The question is, why are banks bothering to go after people who lost their homes? Most of these people don't have any money: that's why they lost their homes in the first place. Are the banks just getting their jollies by forcing these people into bankruptcy?

Nope, they're trying to turn their deficiency judgments into a profit center. According to Terri Pickens, a private practice attorney in Boise, lenders are selling deficiency claims. "I do know some private investors who are coming in and purchasing up bank loan packages and have been paying literally pennies on the dollar; just sitting on the paper, waiting for the right time to collect on it."

This can be as long as 20 years in some states. That means that if you've lost your house to foreclosure, some collection agency could jump out of the shadows in 10 or 15 years and grab your next house, or your car, or your child's college education fund.

But despite the scary sounding numbers, some people do manage to come to some kind of reasonable agreement:
In the Jensens' case, their attorney was able to work out a settlement. They turned over their savings and agreed to pay $75 each month for three years. They say it doesn't make sense to them that the bank went through so much effort to recover a total of about $8,000, prolonging the nightmare of their foreclosure.
That means the bank got less than 6% of the $140,000 they originally sued the Jensens for. But if you figure the amount of money they spent on lawyers and filing fees, it's hard to see how the bank could have broken even.

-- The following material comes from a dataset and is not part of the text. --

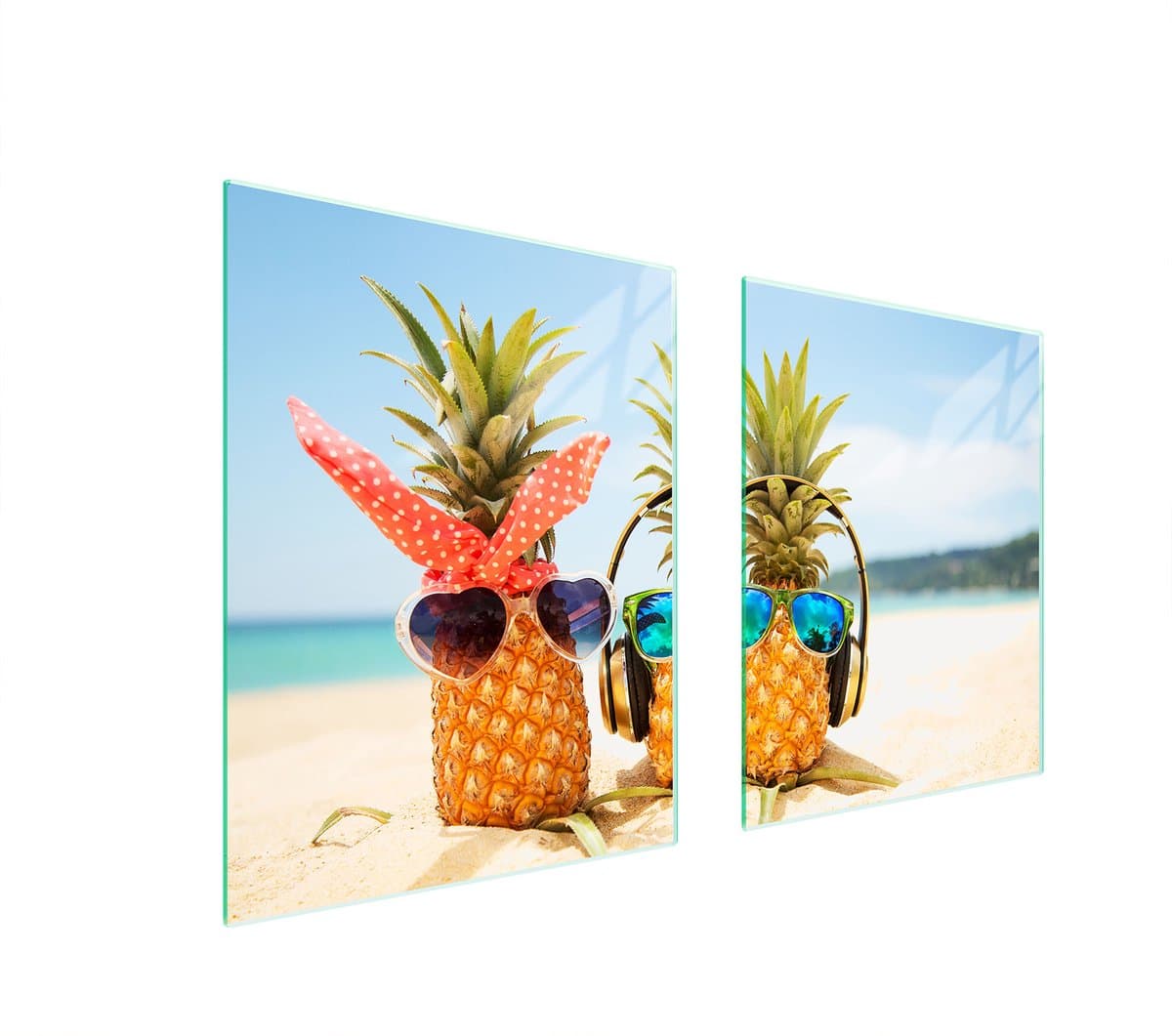 TMK ArtDeko Ananas Serie - Glazen Beschermplaat voor Fornuis - 85x52cm - Roze - Gehard Glas - Anti-Bacterieel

Which begs the question: how much would the bank would have gotten if they had renegotiated the loan with the Jensens instead of foreclosing?

At this point it seems pretty obvious that everyone -- banks, homeowners, the construction industry, and the economy in general -- would have been far better off if the banks had all just renegotiated all those loans down to reasonable values three years ago.

Yeah, everyone would have taken a minor hit, and some freeloaders would have gotten off. But now everyone is suffering. Oh, except for all those Wall Street bankers who are still pulling down those big bonuses for sticking it to the Jensens and the millions of other people just like them.

So why are people still arguing against Obama's mortgage refinance program, and why are banks stubbornly refusing to make deals with people who are stretched to the breaking point? Call it a deficiency of judgment.